**Description of the task:**
Repeat word for word, please, only the lines of the material from the one containing "#PNPKakampiMo" through its final line, both ends included.

**Raw data:**
____
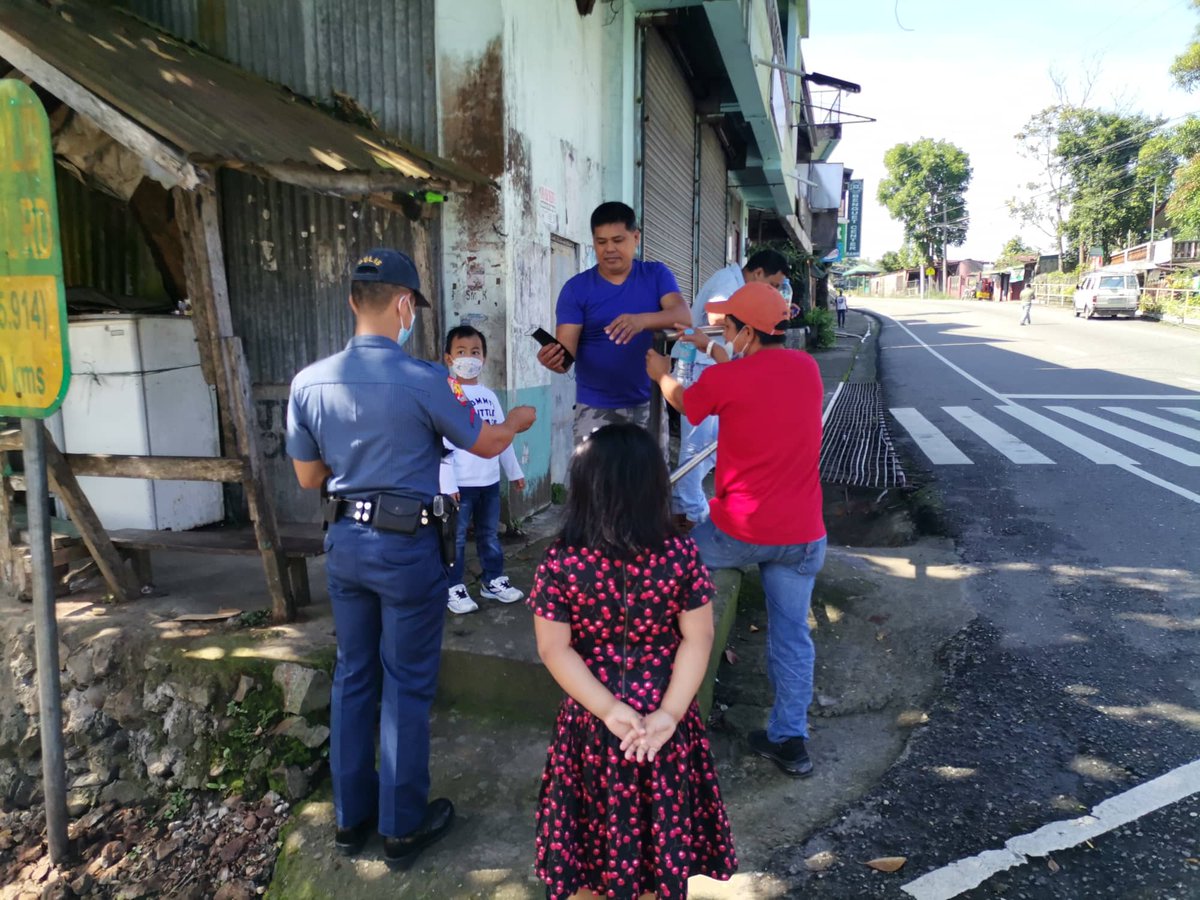 MpsSablan's tweet photo. Distribution of facemask to violators.
#PNPKakampiMo
#WeServeAndProtect
#PNPPATROLPLAN2030 https://t.co/lCzpROIr64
____
**Exercise solution:**
#PNPKakampiMo
#WeServeAndProtect
#PNPPATROLPLAN2030 https://t.co/lCzpROIr64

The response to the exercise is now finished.